7-Should not exceed then the Cost:
The aggregate depreciation shall not exceed then the original cost of any asset.
8-Particulars of the Depreciable Asset:
Depreciable claim may be allowed if the assessee has provided all the particulars of the depreciated assets at the time of filling a return of total income.
9-Ownership of the Assets:
If the assessee is not the owner of the asset then he will not be allowed for the depreciation allowance.
Q 2: Explain the Various types of depreciation allowances?
Q 2: Explain the conditions and rates regarding the depreciation?
i) Initial Depreciation
ii) Normal Depreciation
Ans: INITIAL ALLOWNCE FOR DEPRECIATION:
One person can avail this allowance if he fulfills the following conditions
1- Eligible Assets:
The allowance is allowed only for those assets which are depreciated assets.
In respect of the following years initial allowance for depreciation is allowed.
i)The year in which first time in the business of profession.
ii)The year in which Commercial production was produced.
This allowance is allowed at the rate of 50% of the cost of asset.
5-Ownership of the Asset:
This allowance is allowed if the same asset is owned by the same person.
6-Allownce Not Allowed:
Initial allowance for depreciation is not allowed in the following assets.
I) Any Furniture or fitting.
ii) Already used Plant or Machinery.
iii) A road transport vehicle not lying for the hire.
iv)If any asset deduction is allowed under any other section of I.T ordinance 2001.
The above depreciation is calculated at the prescribed rate for various types of assets on the written down value of a depreciable asset. According to the following rate normal depreciation is allowed.
Sr No. Class of Depreciable Assets Rate in %age
1- Building (general) 5%
2- Factory, workshop, Hotel 10%
3- Quarters for Labour 10%
4- Furniture if Fitting 10%
5- Machinery or Plant 10%
6- Personal Computer hardware & allied items 30%
7- Technical & Professional Books 20%
8- Ships 5%
9- Motor Vehicles 20%
Q 3: Define the term Capital gains and Capital Assets? What is the procedure of computing the capital gains? Also explain the deduction and exemptions?
It is the fourth important source of income. Such income is chargeable under the head Capital Gains.
Any profits arising from the transfer of capital asset is called capital gain. Such income is also chargeable to tax.
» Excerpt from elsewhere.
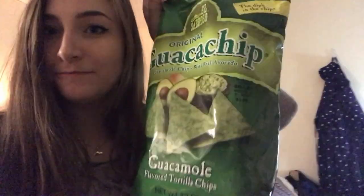Okay everybody, I'm about to try a guacamole chip. Wait — that's actually good though. Oh my god, these are good. Go buy them!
Any kind of property held by the person is called Capital Asset. Such property may be connected with his business or not.
Shares of companies.
Patent and Copy rights
Term Finance Certificates.
Procedure of Computing the Capital Gains:
When the capital assets are disposed off by the persons, then capital gain is computed according the following procedure.
Capital asset is disposed off with in 12 months of its acquisition.
Formula: Consideration received on the disposed off the asset the cost of the Asset.
Balance = Gain/Loss
1-The asset fair market value on the date of its transfer is treated cost of the assets.
2-Expenditure on the disposal of assets is included in the cost.
Following Assets are not included in the cost of asset.
1-Expenses of a person which is allowed as deduction under any other provision of the
2-Expenses which are not spent on the disposal of assets.
Disposal after 12 months:
When the capital asset is disposed off after 12 month of the acquisition then 75% of the actual gain is taken for income.
Deduction of Capital Losses:
Under the head Capital Gains when we compute the income chargeable to tax the losses on the disposal of capital asset shall be treated as under.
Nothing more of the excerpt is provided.